Probability – Understanding the Chi-Squared Test and Distribution

I am trying to understand the logic behind chi-squared test.

The Chi-squared test is $\chi ^2 = \sum \frac{(obs-exp)^2}{exp}$. $\chi ^2$ is then compared to a Chi-squared distribution to find out a p.value in order to reject or not the null hypothesis. $H_0$: the observations come from the distribution we used to created our expected values. For example, we could test if the probability of obtaining head is given by $p$ as we expect. So we flip 100 times and find $n_H$ Heads and $1-n_H$ tails. We want to compare our finding to what is expected ($100 \cdot p$).

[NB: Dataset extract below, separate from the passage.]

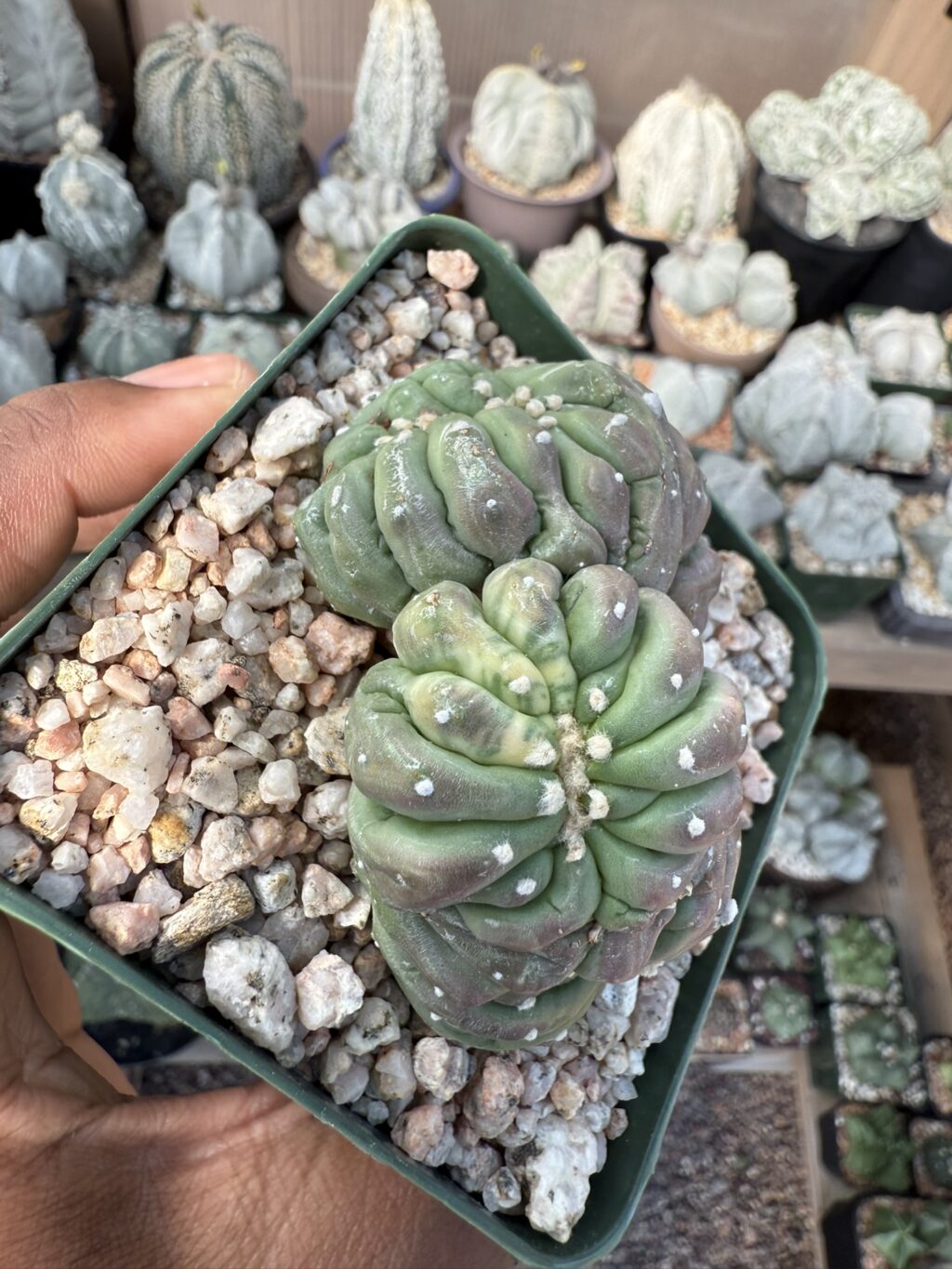 Astrophytum asterias cv. Kikko cristata Variegated - Image 2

We could as well use a binomial distribution but it is not the point of the question… The question is:

Can you please explain why, under the null hypothesis, $\sum \frac{(obs-exp)^2}{exp}$ follows a chi-squared distribution?

All I know about the Chi-squared distribution is that the chi-squared distribution of degree $k$ is the sum of $k$ squared standard normal distribution.

Nevertheless, it is our starting point even for your actual question. I'll cover it somewhat informally.

Let's consider with the binomial case more generally:

$Y\sim \text{Bin}(n,p)$

Assume $n$ and $p$ are such that $Y$ is well approximated by a normal with the same mean and variance (some typical requirements are that $\min(np,n(1-p))$ is not small, or that $np(1-p)$ is not small).

Then $(Y-E(Y))^2/\text{Var}(Y)$ will be approximately $\sim\chi^2_1$. Here $Y$ is the number of successes.

We have $E(Y) = np$ and $\text{Var}(Y)=np(1-p)$.

(In the testing case, $n$ is known and $p$ is specified under $H_0$. We don't do any estimation.)

So if $H_0$ is true $(Y-np)^2/np(1-p)$ will be approximately $\sim\chi^2_1$.

Note that $(Y-np)^2 = [(n-Y)-n(1-p)]^2$. Also note that $\frac{1}{p} + \frac{1}{1-p} = \frac{1}{p(1-p)}$.

Hence $\frac{(Y-np)^2}{np(1-p)} = \frac{(Y-np)^2}{np}+\frac{(Y-np)^2}{n(1-p)}\\ \quad= \frac{(Y-np)^2}{np}+\frac{[(n-Y)-n(1-p)]^2}{n(1-p)} \\ \quad= \frac{(O_S-E_S)^2}{E_S}+\frac{(O_F-E_F)^2}{E_F}$

Which is just the chi-square statistic for the binomial case.

So in that case the chi-square statistic should have the distribution of the square of an (approximately) standard-normal random variable.